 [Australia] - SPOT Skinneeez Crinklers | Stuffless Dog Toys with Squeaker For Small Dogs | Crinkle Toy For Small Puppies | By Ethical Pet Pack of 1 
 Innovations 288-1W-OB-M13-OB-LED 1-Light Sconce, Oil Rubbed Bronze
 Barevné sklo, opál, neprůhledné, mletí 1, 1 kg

==

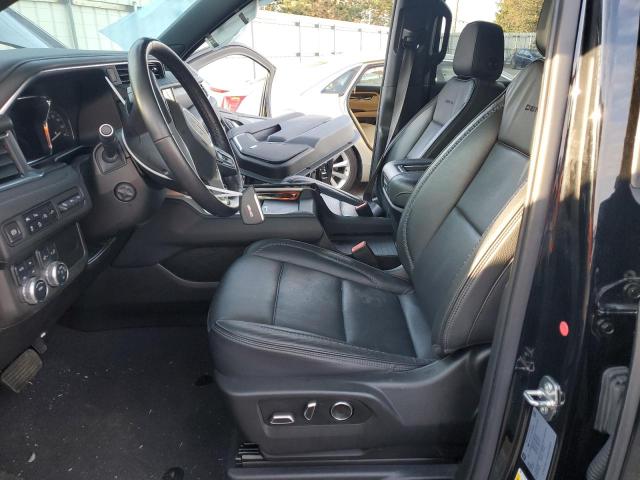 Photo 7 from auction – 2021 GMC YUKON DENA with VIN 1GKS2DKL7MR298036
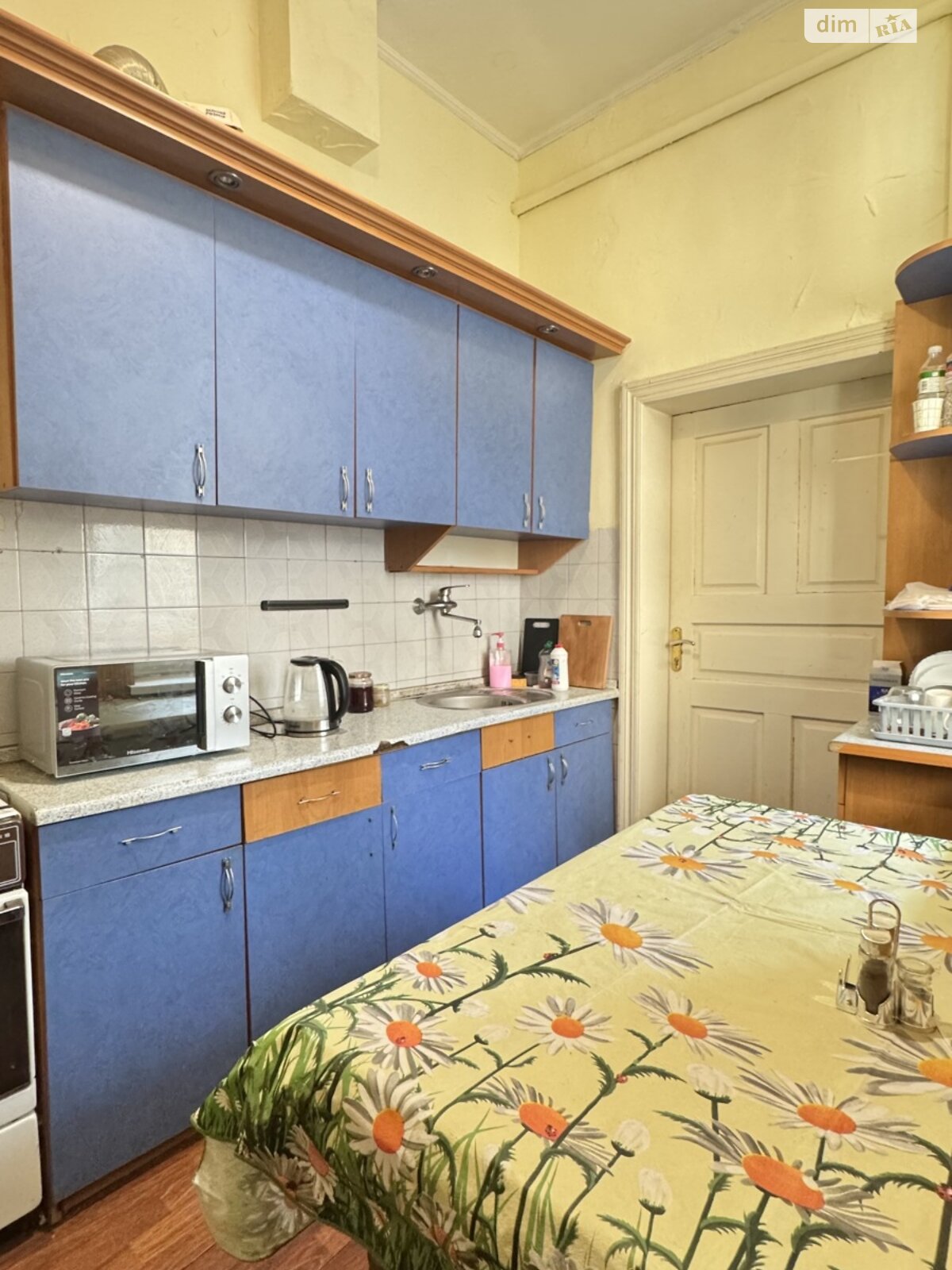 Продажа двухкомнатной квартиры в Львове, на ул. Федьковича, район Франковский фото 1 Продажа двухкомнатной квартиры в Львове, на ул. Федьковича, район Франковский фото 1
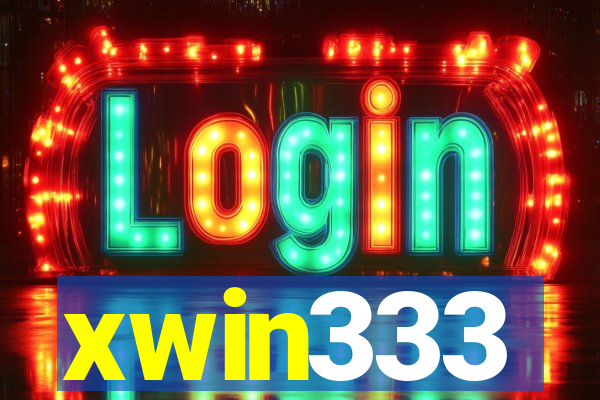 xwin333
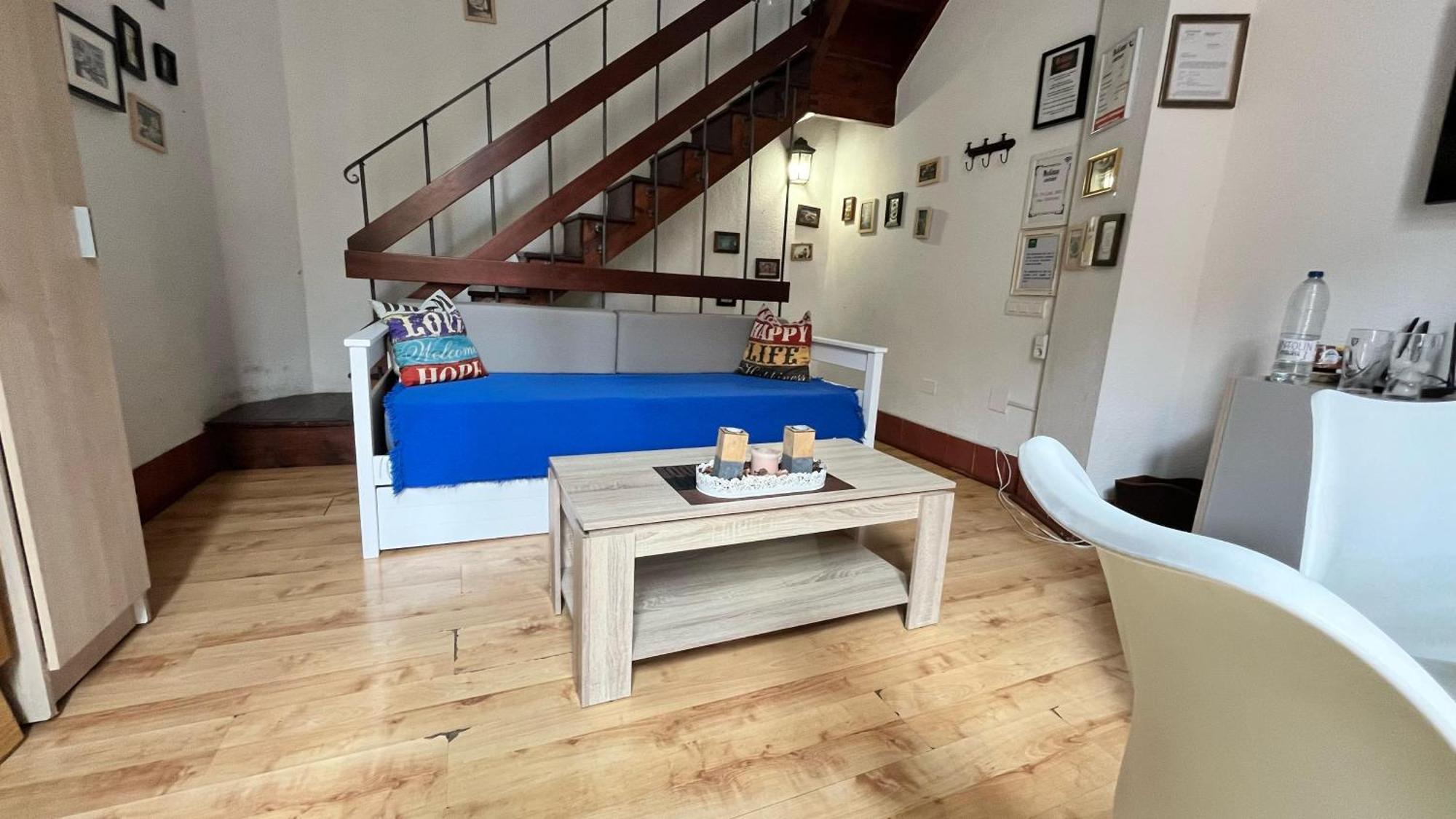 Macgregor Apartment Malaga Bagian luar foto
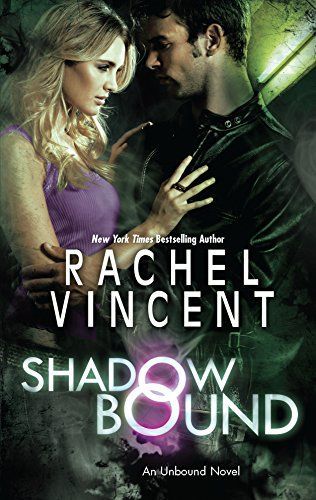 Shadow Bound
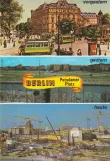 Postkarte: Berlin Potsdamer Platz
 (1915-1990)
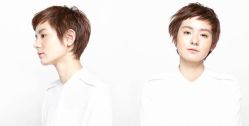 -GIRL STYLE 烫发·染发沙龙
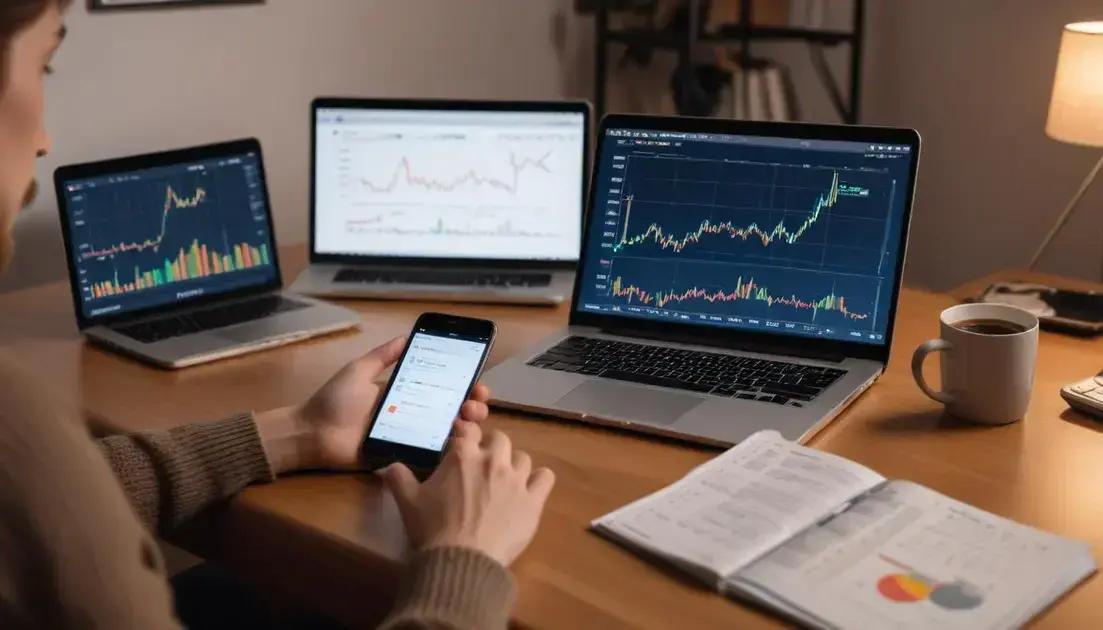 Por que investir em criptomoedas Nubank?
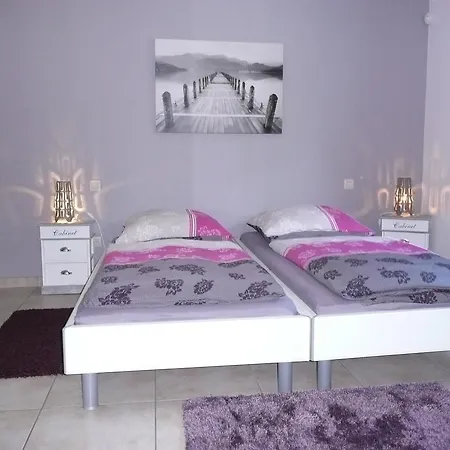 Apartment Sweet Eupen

— WORK INSTRUCTION —
Write back word for word every line in the entries above from the one with "Postkarte: Berlin Potsdamer Platz" to the one with "Apartment Sweet Eupen", ends included, and none of the pictures.

— ANSWER TO THIS PROBLEM —
 Postkarte: Berlin Potsdamer Platz
 (1915-1990)
 -GIRL STYLE 烫发·染发沙龙
 Por que investir em criptomoedas Nubank?
 Apartment Sweet Eupen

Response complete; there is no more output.